What Is Known/What Is New

What Is Known

  • Gastrojejunostomy tubes are a viable postpyloric feeding option for developmentally disabled children intolerant to gastrostomy tube feedings, which can be an alternative to anti-reflux surgery.
  • There are many complications and tube maintenance issues associated with gastrojejunostomy tubes.

What Is New

  • Gastrojejunostomy feeding tubes offer continued significant growth past 25 months in developmentally disabled children intolerant to gastrostomy tube feedings.
  • The rate of minor complications did not significantly impact the growth in this population.
  • The rate of tube maintenance issues may negatively impact the growth in this population.

Gastrostomy tubes (GTs) are frequently used for nutritional support in developmentally disabled children who are unable to meet their dietary needs with oral intake. In some children with neurologic impairment, use of a GT is not indicated because of their underlying gastroesophageal reflux (GER) or gastrointestinal dysmotility leading to secondary reflux (1–5). The alternative to GTs has historically been a fundoplication with simultaneous gastrostomy. This approach, however, has been associated with a high rate of postoperative complications (6).
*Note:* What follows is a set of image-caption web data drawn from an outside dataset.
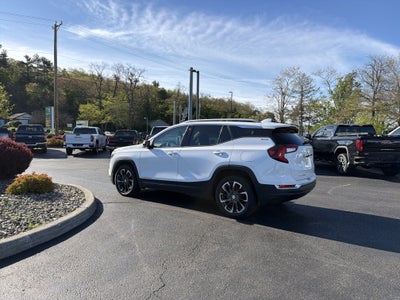 2023 GMC Terrain SLT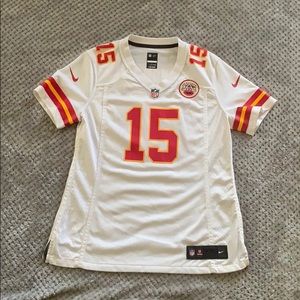 Woman’s Medium Mahomes NFL Jersey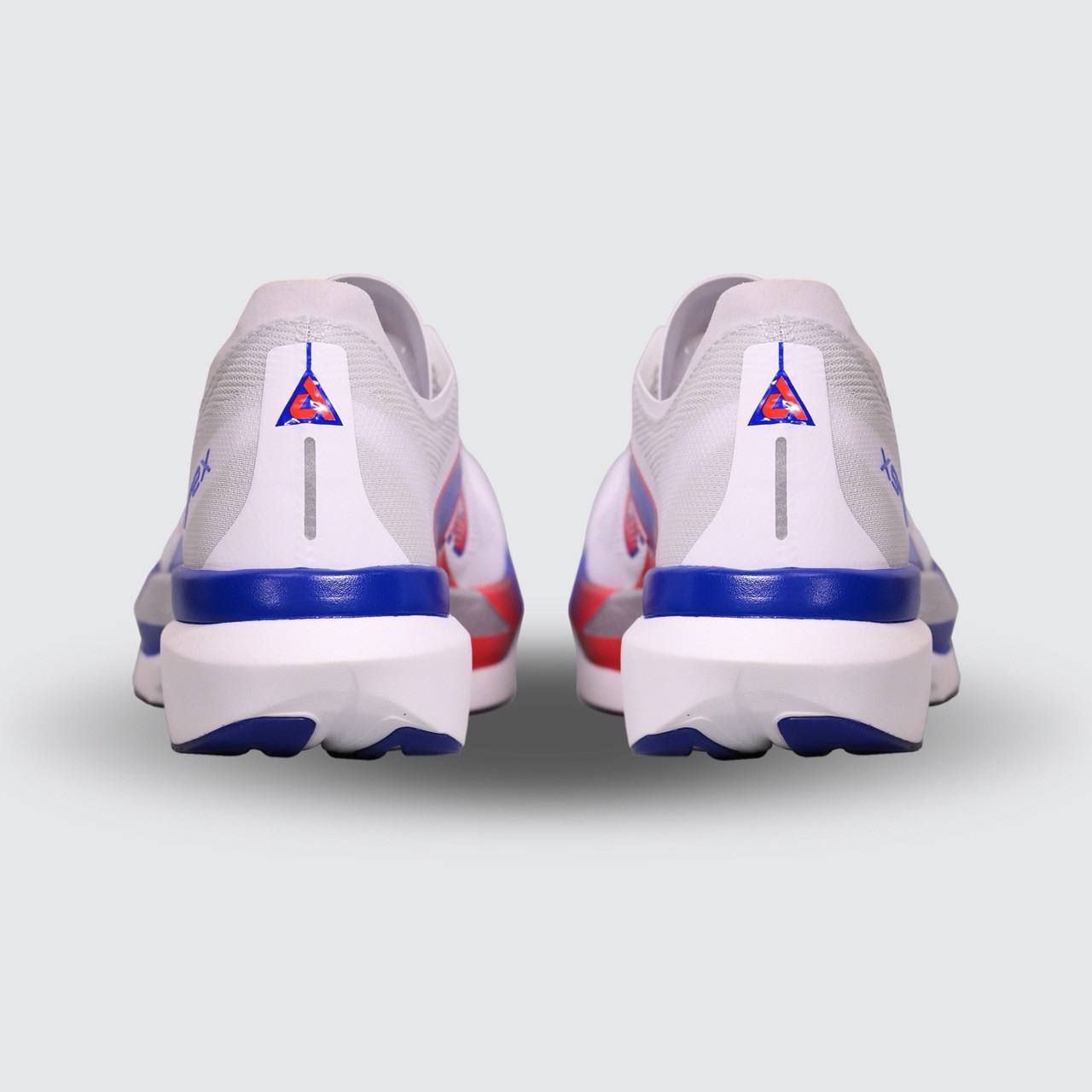 รองเท้าวิ่ง APEX SWIFT 2 PRO WHITE / RED / BLUE UNISEX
Gastrojejunostomy tubes (GJTs) have been reported to be useful in children who require postpyloric feeding, such as those with severe GER, delayed gastric emptying, gastric outlet or duodenal stenosis, or altered upper gastrointestinal anatomy (7). No guidelines currently exist that provide specific recommendation regarding the use of fundoplication with gastrostomy versus GJTs (8). This is in part because of the limited long-term data on weight-for-age growth in children with use of GJTs. The aim of our study was to retrospectively investigate the safety of GJTs, their impact on growth, and long-term clinical outcomes in developmentally disabled children whose enteral nutrition was provided through GJTs.
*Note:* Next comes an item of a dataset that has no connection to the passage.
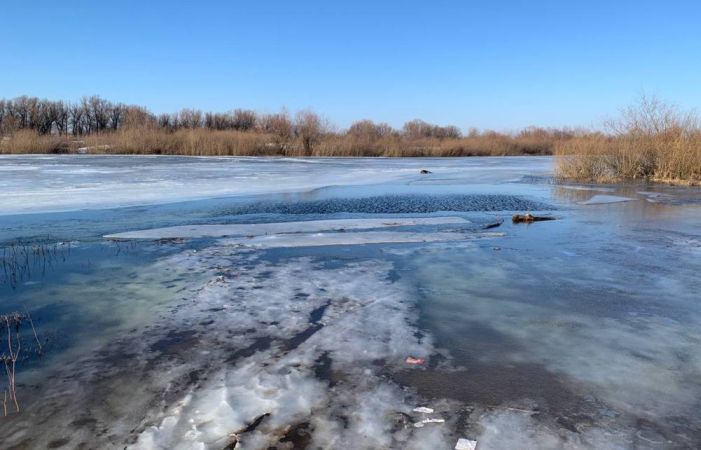 В Астраханской области 7-летний мальчик провалился под лед и утонул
A total of 44 developmentally disabled children (median age: 28 months) who underwent successful conversion of a surgically placed GT to a GJT between January 1, 2009 and June 30, 2015 were included in the study. All conversion procedures were performed by interventional radiologists. Either a Mic-key low profile GJT (Kimberley-Clark, Roswell, GA) or a G-JET button (Applied Medical Technology, Brecksville, OH) varying in size (12–18 French, 14– 45 cm) was used. The most common indication for conversion of a GT to a GJT was GER (n = 21) and the most common clinical condition was neurologic (n = 28). (The detail of the patient's characteristics is available online as Supplemental Digital Content 1, Their GJ tube feeding regimens were determined by a nutritionist based upon their target growth velocities between follow-up appointments. The patients’ weight-for-age z-scores based on the 2000 Centers for Disease Control and Prevention (CDC) Growth Charts (9) were recorded at each appointment.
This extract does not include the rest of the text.